In New Hampshire, Hillary Clinton and Bernie Sanders pitch young voters on college plan
As Hillary Clinton’s campaign makes a push to turn out younger voters, New Hampshire is getting a heavy dose of her progressive surrogates.
Bernie Sanders campaigned Wednesday with Clinton at the University of New Hampshire in Durham, five days after Elizabeth Warren made a solo swing through the state. The former primary rivals were appearing on stage together for the first time since July, when Sanders officially endorsed Clinton a short drive away in Portsmouth.
In need of persuading younger voters—who haven’t coalesced around Clinton in the way they did for President Barack Obama—to turn out in November, the Clinton-Sanders pitch relied heavily on the Democratic nominee’s college plan.
“And make no mistake about it; this is a revolutionary proposal for the future our country,” Sanders told the crowd, speaking first, with Clinton sitting and smiling behind him.
The Vermont senator lauded Clinton’s plan to make college tuition-free for families making $125,000 or less annually, an embrace of one of his primary campaign’s major tenets.

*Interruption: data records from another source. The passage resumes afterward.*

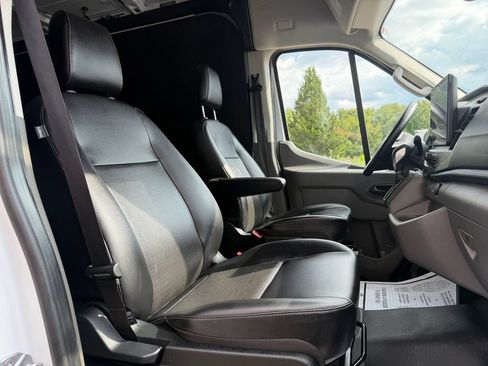 Used 2026 Ford Transit 250 148 Medium Roof w/ Load Area Protection Package RWD image 30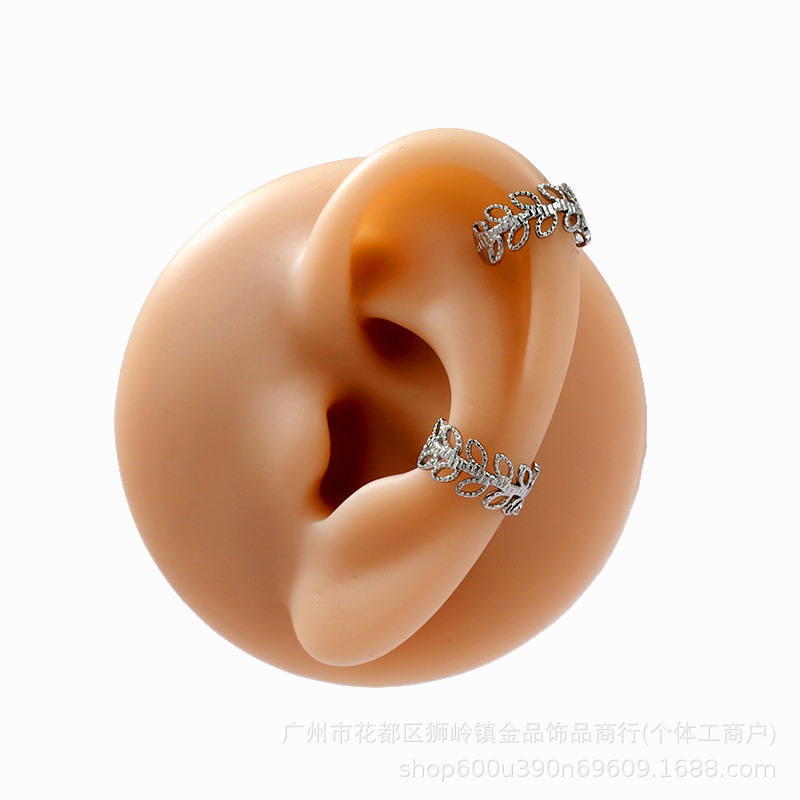 Aretes de acero de titanio de estilo retro transfronterizo no se desvanecen nicho femenino de lujo ligero de alto nivel accesorios de abertura de acero inoxidable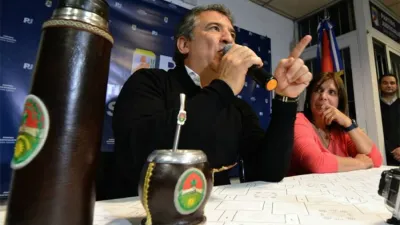 Sin fecha ni tribunal confirmado, el ex gobernador de Entre Ríos y actual embajador en Israel, Sergio Daniel Urribarri, sigue en la impunidad.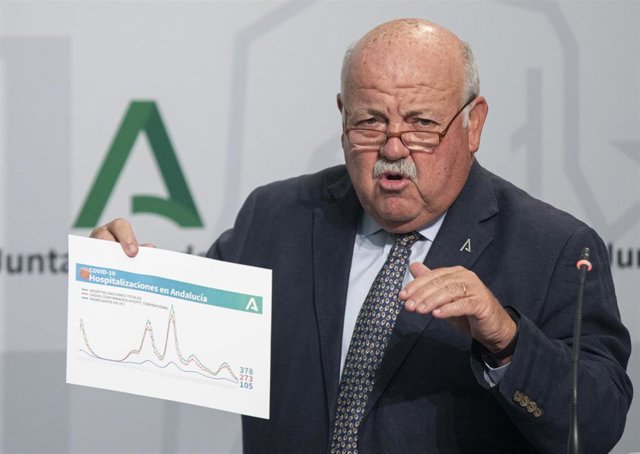 El consejero de Salud y Familias, Jesús Aguirre, este martes durante su intervención en la rueda de prensa posterior a la reunión del Consejo de Gobierno de la Junta de Andalucía. 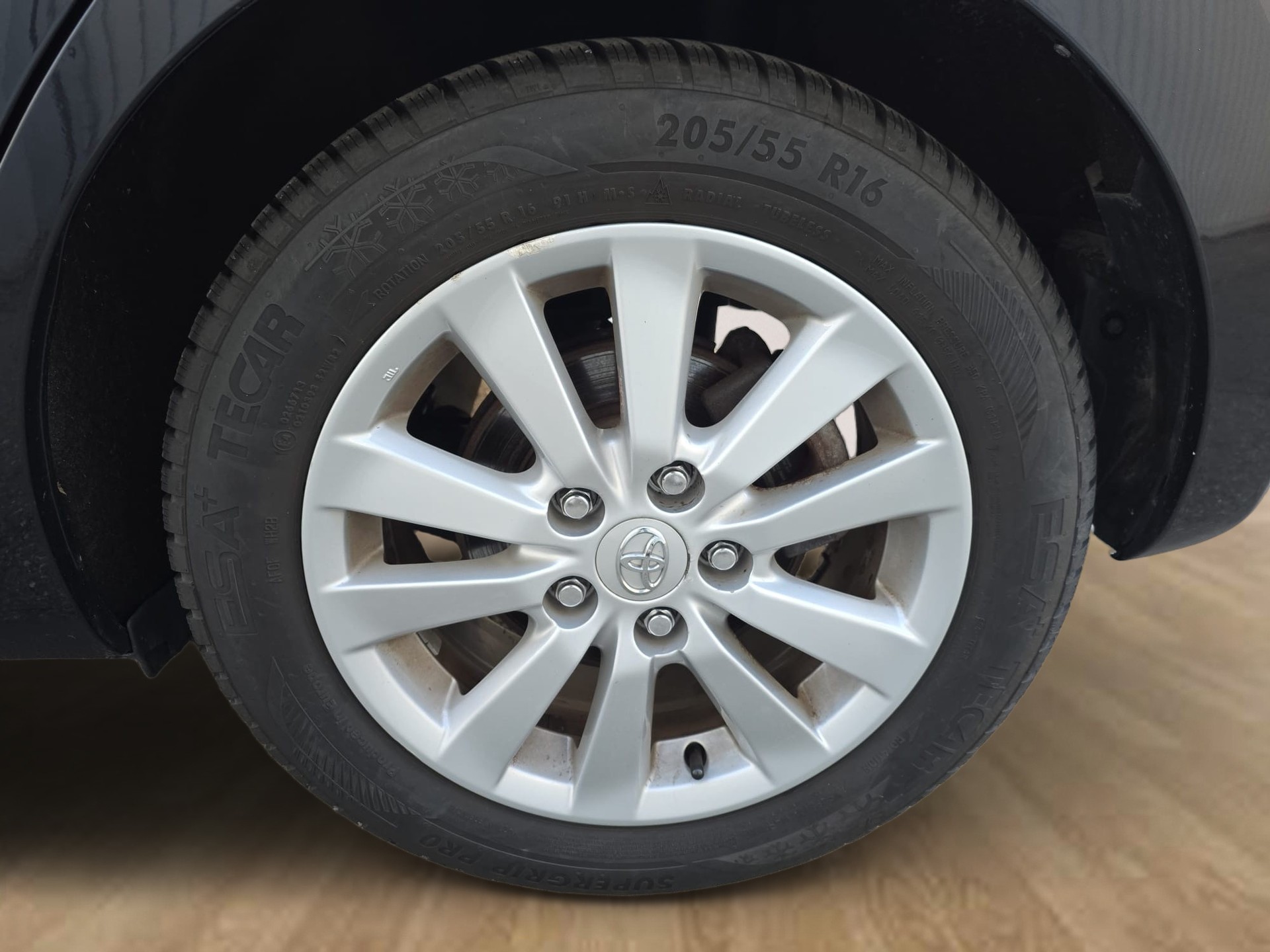 TOYOTA Auris 1.6 Linea Luna-image-13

Sanders said the plan would guarantee that no student leaves school with “outrageous levels” of student loan debt, and that it would also make college accessible for low-income families.
In a battleground state “emblematic” of Clinton’s “millennial math problem,” as Bloomberg puts it, Sanders is perhaps as forceful a surrogate the Democratic nominee could have.
The senator—who is popular both among millennials and in the Granite State—called electing Clinton “imperative,” while trashing Republican opponent Donald Trump’s policies as “absurd and disgraceful.”
When Clinton took the stage, she thanked Sanders for his campaign and doubled down on the pitch to college students.
“You know, Bernie’s campaign energized so many young people, some of you in this crowd,” she said. “And there is no group of Americans that have more at stake in this election than young Americans.”
In an election with two deeply unpopular major-party nominees, Clinton made appeal to voters’ ideas.
“It’s not just my name on the ballot,” she said. “Every issue you care about, think about it, because in effect, it’s on the ballot, too.”
Clinton said college affordability was one of the biggest issues she heard about on the campaign trail and plugged additional aspects of her college plan: student-loan refinancing, a three month moratorium on paying student debt, and loan forgiveness for public or national service.
(At one point during the rally, Sanders sat somewhat uncomfortably as Clinton touted the support she received from local Republicans, as well as an endorsement from a former GOP senator from Virginia.)
Speaking to the student-heavy crowd, her pitch also came with a warning.
“None of this will happen if you all don’t turn out to vote,” she said.
In New Hampshire—a state with the most expensive public university system for in-state students and the second-highest rate of student debt—there may not be a better audience for that line of appeal.